I discussed the concept in my podcast this week wherein I explored the idea of dominant logic. Dominant logic is a cognitive map shared across top managers. This joint map has a significant amount of information and the critical logic that makes the firm successful. As a part of our mental processes, we rely on schemas and mental models to deal with a complex world in a fast yet efficient manner. We do it without processing all the information related to a situation. Here is an example of thin slicing from a person experience.
The P&G Context
A long time back, I was the program manager for SAP implementation for P&G Asia. That was a huge organizational transformation process that transformed P&G from a country-based organization to a globally run company. It involved standardization of thousands of operations across all the countries in Asia.
Once my team standardized a process, embedded it into the SAP system, it would train the operations team who would then run the activities with those processes.
The Payables Problem
One of the critical processes of the organization was Accounts payables. It involved paying money to suppliers on time as per a prior agreement. After 100-120 days of our pilot implementation, the Asia leader of operations told me that there is something wrong with the payables process. As a result, many suppliers were not paid and some of them were threatening to stop supplying.
He had talked to various people in operations and my project team to find out what was the problem, but he wasn’t able to get to the bottom of the situation. Since I was busy with the next set of countries, he called me in as a last resort.
What We Knew
He told me that the payable operations manager said that they were processing thousands of invoices within the service level agreement. Their service level agreement was something like 97% of invoices paid on time. Since they were meeting their goals, something must not be ok with what the project team did. The project team members were saying that the process works pretty well and the operations must be not doing their job.
A Small Step
All I did next is to ask the operations folks where are the people who were doing accounts payables work. Then I walked to the payables process room. I walked around for 2-3 minutes and asked one of the processors two questions. And then I walked out.
Verifying the Issue
When I walked out, I knew exactly why the problem existed.

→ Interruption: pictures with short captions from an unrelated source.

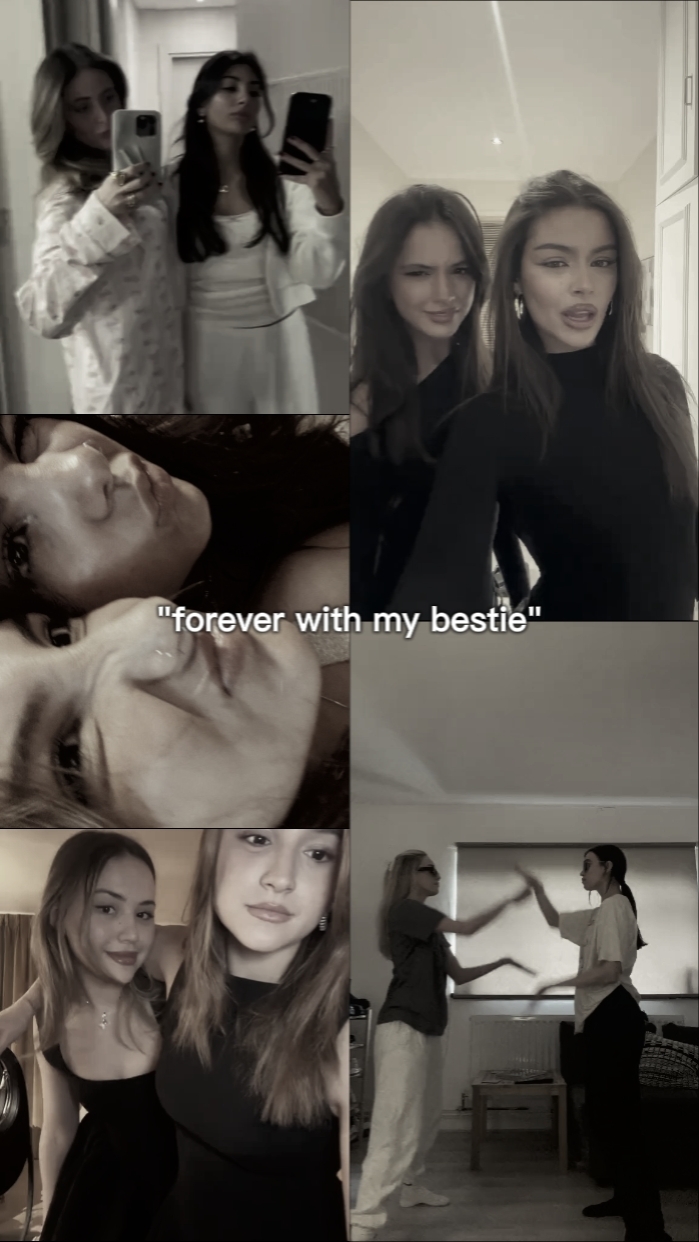 pour toujours avec besties
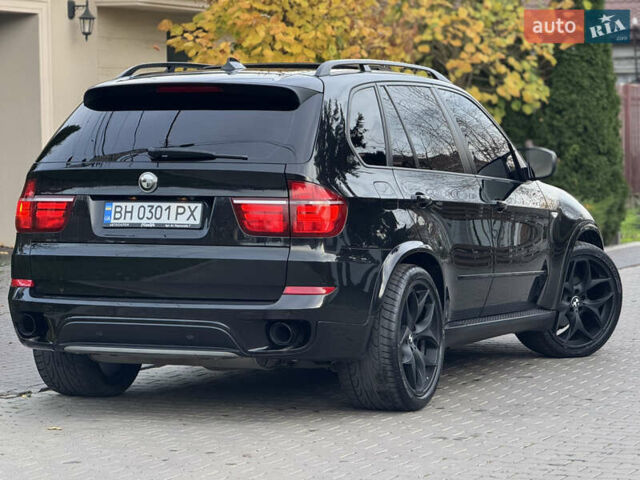 Черный БМВ Х5, объемом двигателя 3 л и пробегом 198 тыс. км за 14500 $, фото 9 на Automoto.ua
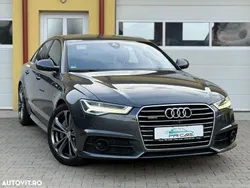 Gri Utilizat 2016 Audi A6 Berlinǎ | 19.700 EUR (Preț OK)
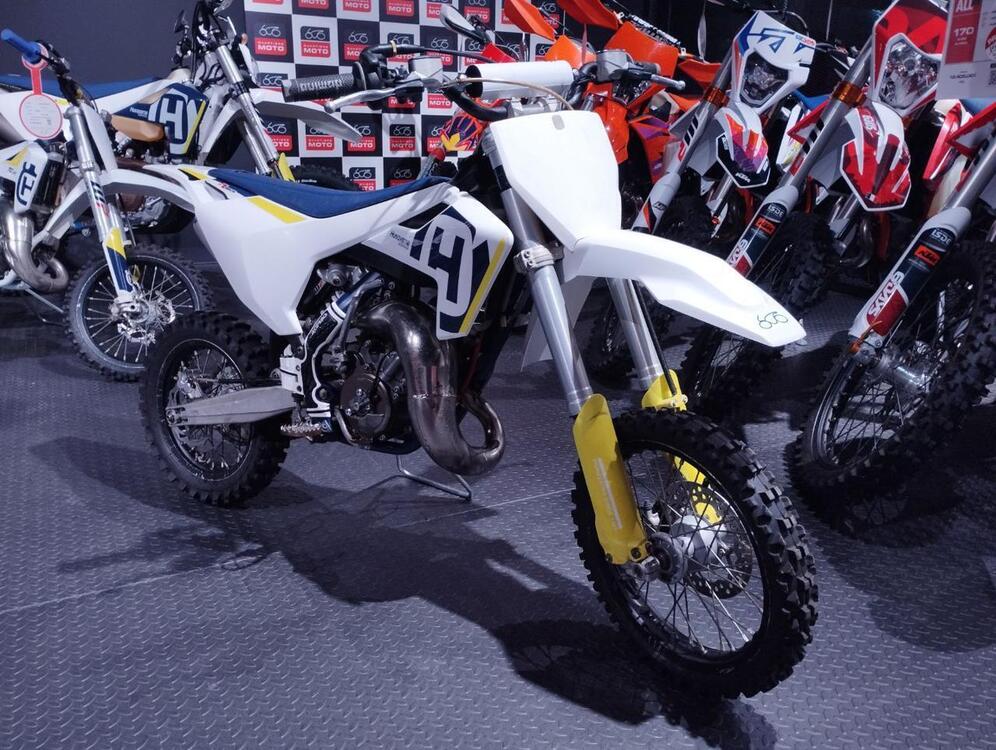 Husqvarna TC 65 (2018) (2)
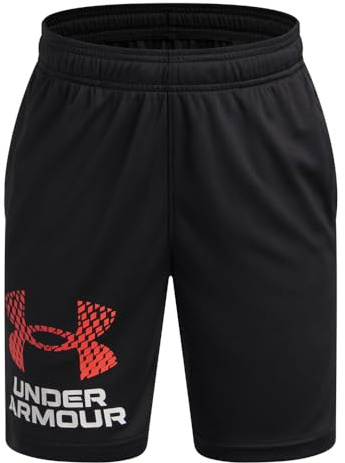 Under Armour Jungen Shorts Tech-Logo-Shorts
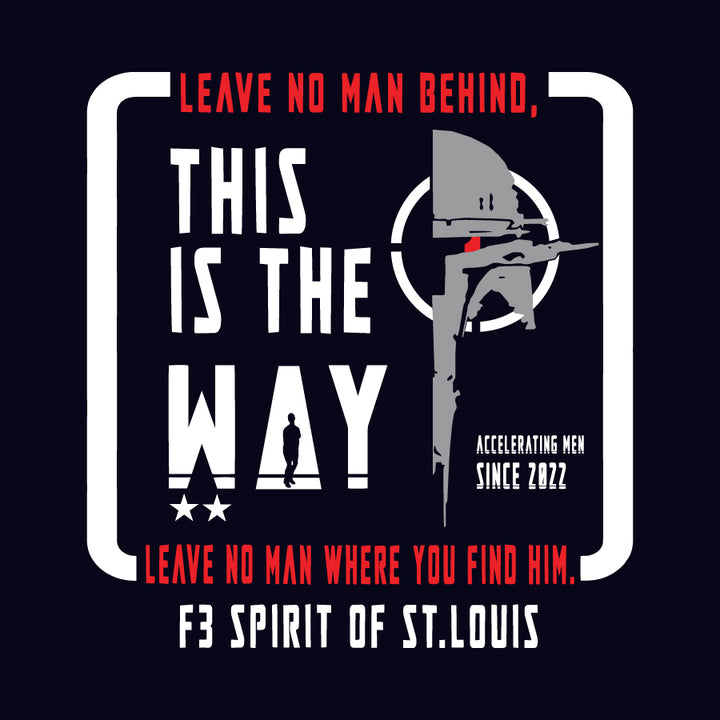 F3 The Way - Spirit of STL Pre-Order October 2025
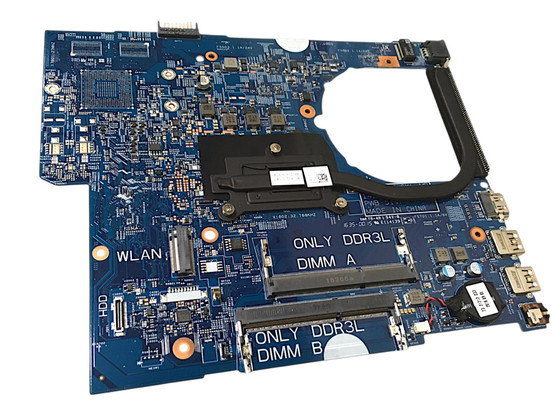 DELL LATITUDE 3570 INTEL MOTHERBOARD i5-6200U 2.3GHZ YKP8M 0YKP8M
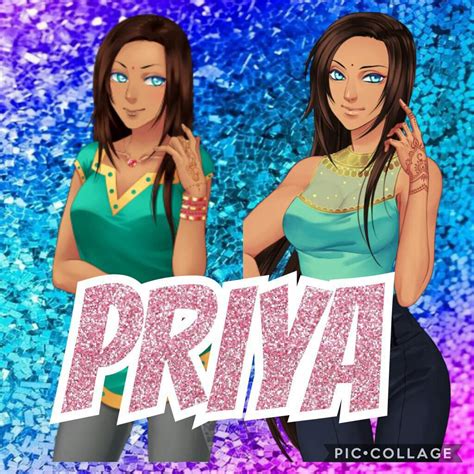 Priya Wiki Corazón De Melón Amino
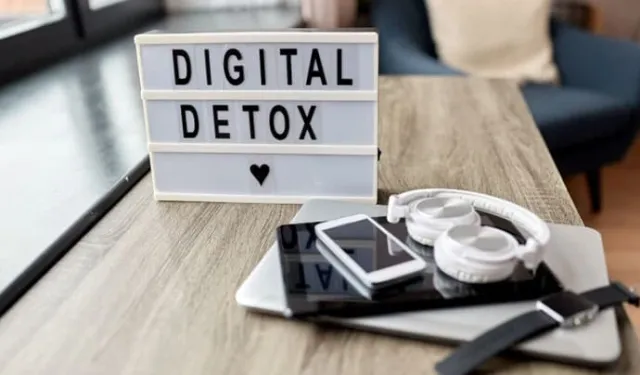 Dijital Detoksa Büyük İlgi: 2025’te Zihin ve Ruh Yenileniyor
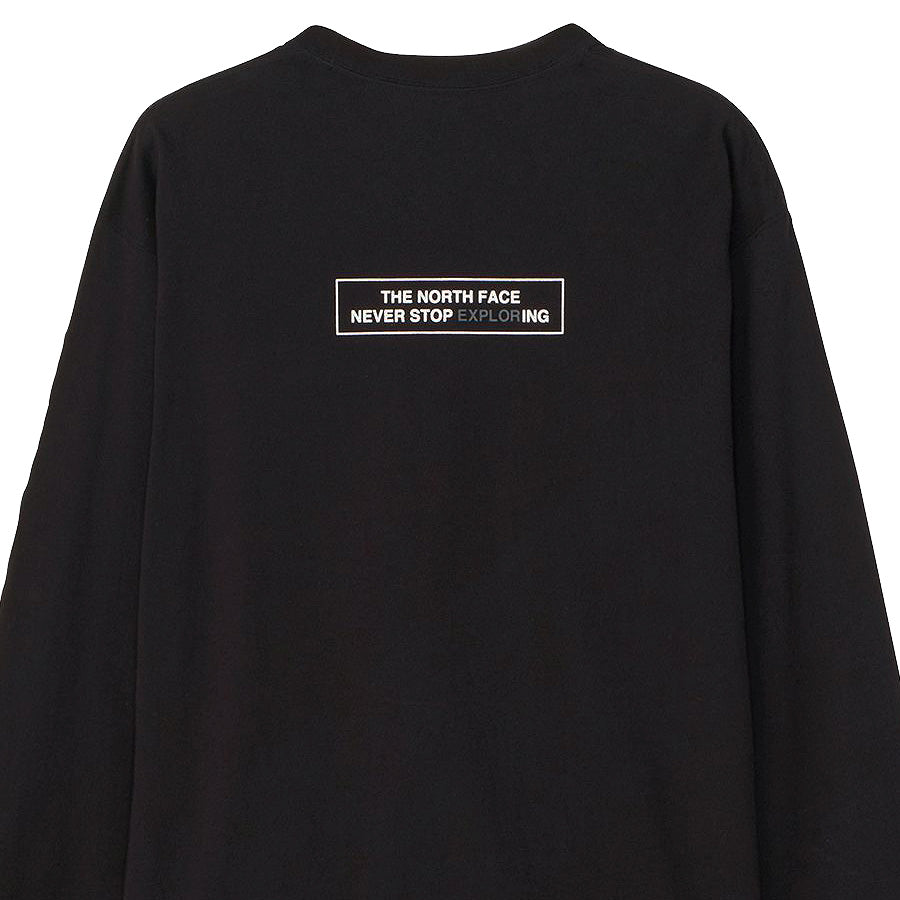 THE NORTH FACE ( ザ ノースフェイス ) ロングスリーブネバーストップアイエヌジーティー Tシャツ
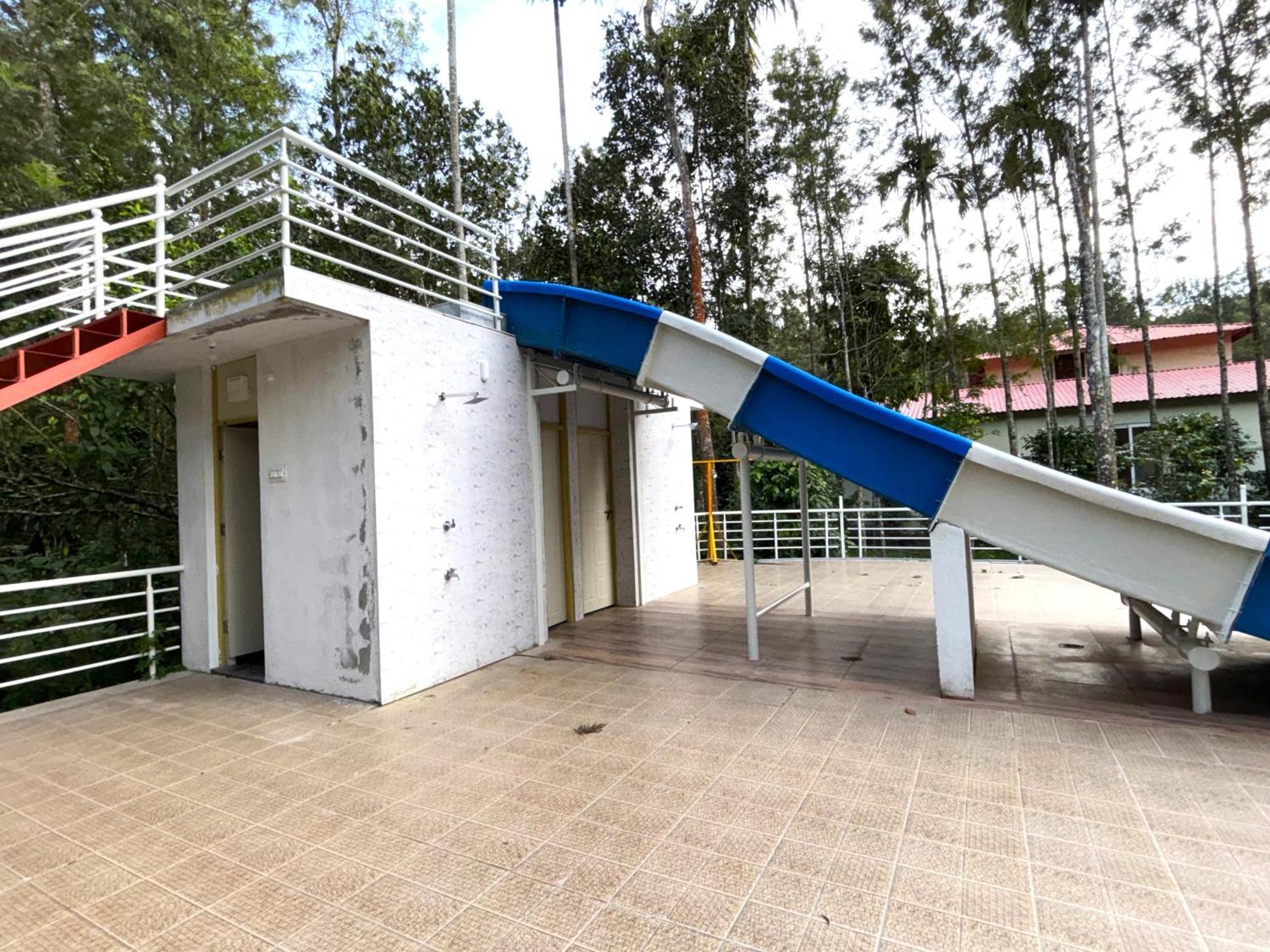 Ecstasy Tent Stay With Swimming Pool & Common Washroom Chikmagalūr 外观 照片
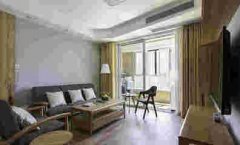 沙发背景墙放什么画风水好?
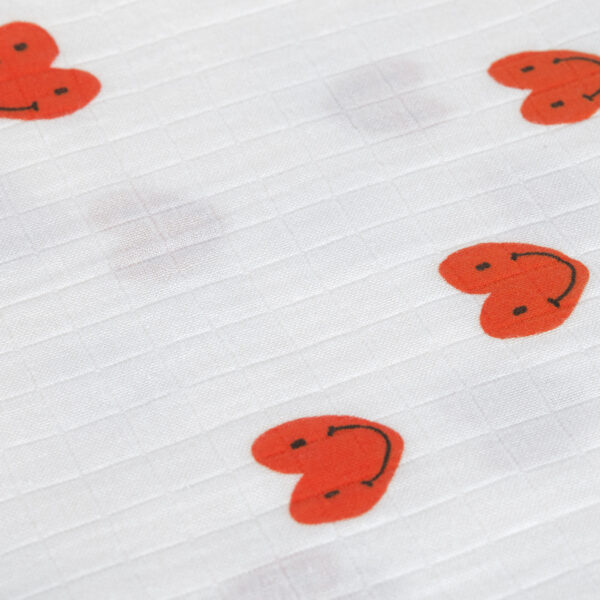 Lässig Mulltücher 3er Set Happy Rascals 60 x 60 cm – Bild 5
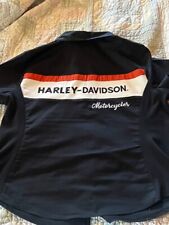 Harley Davidson Women's Riding Shirt XL  picture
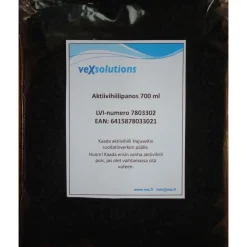 HajuveX Aktiivihiilipanos 1221 700ml Online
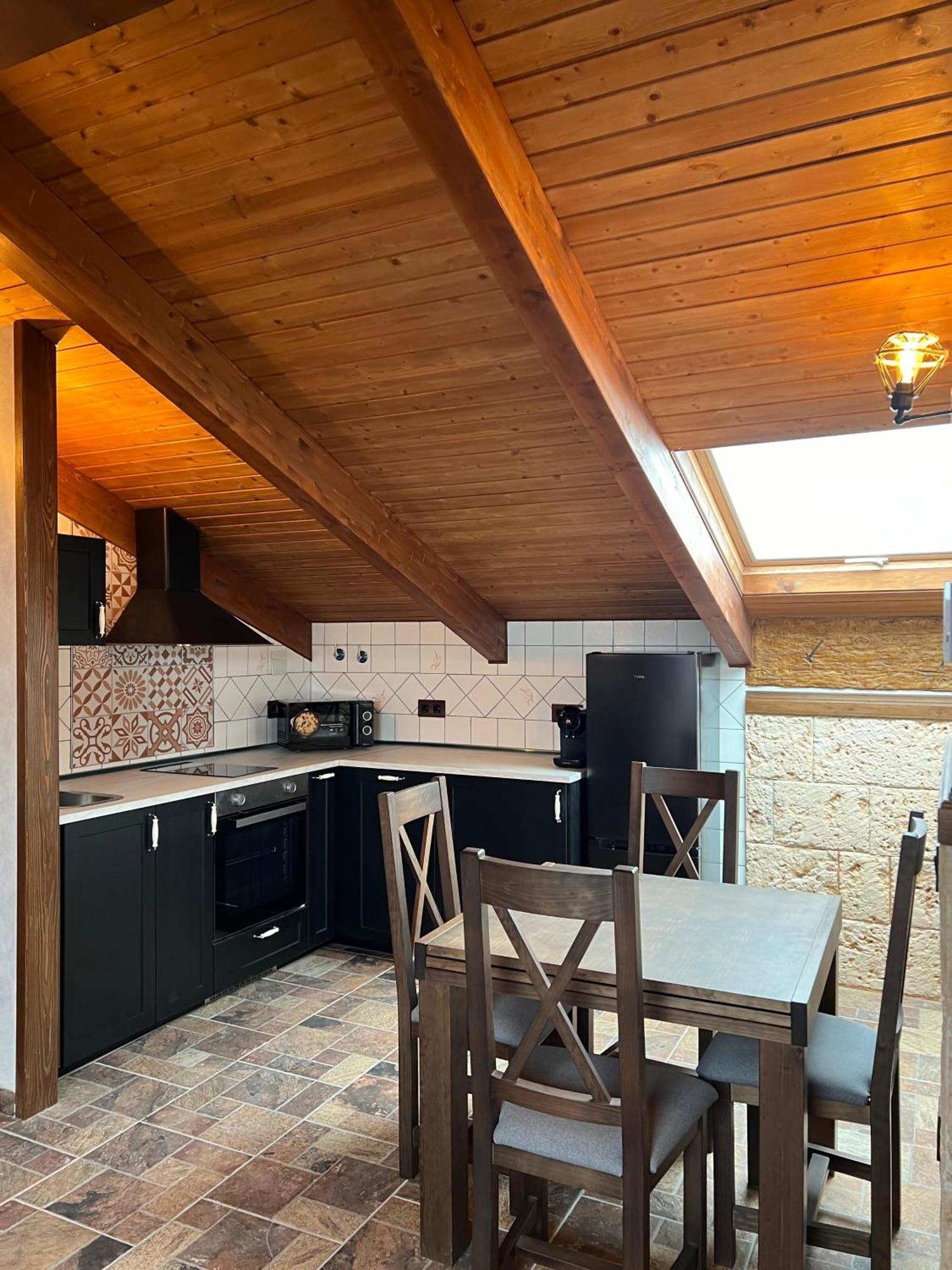 Casa Rural El Torreon Fontiveros Habitación foto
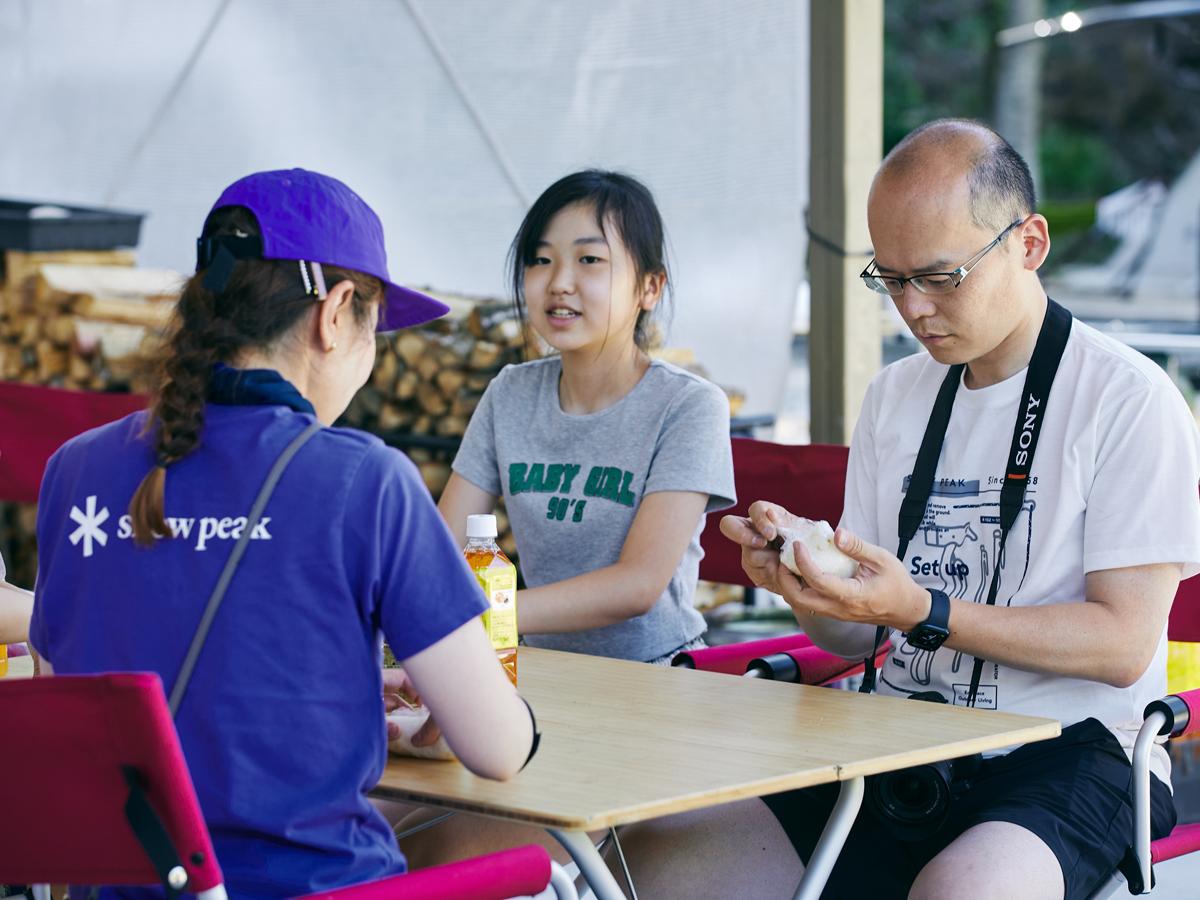 ゾレンキャンプ場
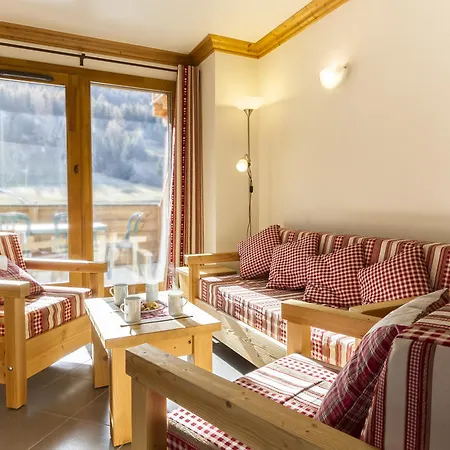 Apartment Le Criterium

But telling the problem to people would not have helped me at all; I needed empirical evidence. So I asked someone in my team to pull a report from the system. That report showed the exact problem.
The issue was that when an invoice had a problem, there was no exception handling process. So the exceptions were being generated, and no one was looking at those invoices.
Thin Slicing At Work
The amazing thing here is not that I solved a problem that no one else was able to figure out including the folks who designed the process. The amazing thing is that it took me a couple of minutes to figure this out using only a little information.
And I didn’t run many reports to identify the causes that may be leading to this issue. I knew the answer and then ran a report that confirmed the problem. In fact, the report didn’t even exist in the system; someone had to generate the data.
The Secret Behind Thin Slicing
How did I do that? The reason is thin slicing of information. When I entered the scene, I brought with me a set of mental models. In my mind, every process is a pre-determine closed system, and there are a few places where the bottleneck can exist.
When I walked into the payables room I had two questions – are all invoices reaching the processors and are the processors processing 100% of them.
My first question to the processor told met that 100% of invoices were indeed reaching them. And the second answer told me that no one is looking at the problem invoices. The invoices that were somewhat not right were being thrown out of the process. They lay there day after day without anyone taking care of them.
I didn’t have to go through a million thing that would go wrong in that incredibly complex process. There was no need to know which people were doing the right job and who were not. I didn’t need to know what different kinds of invoices exist or how a purchase order is entered into the system.
This story tells you how thin slicing of information allows you to make sense of a complex situation in a short time.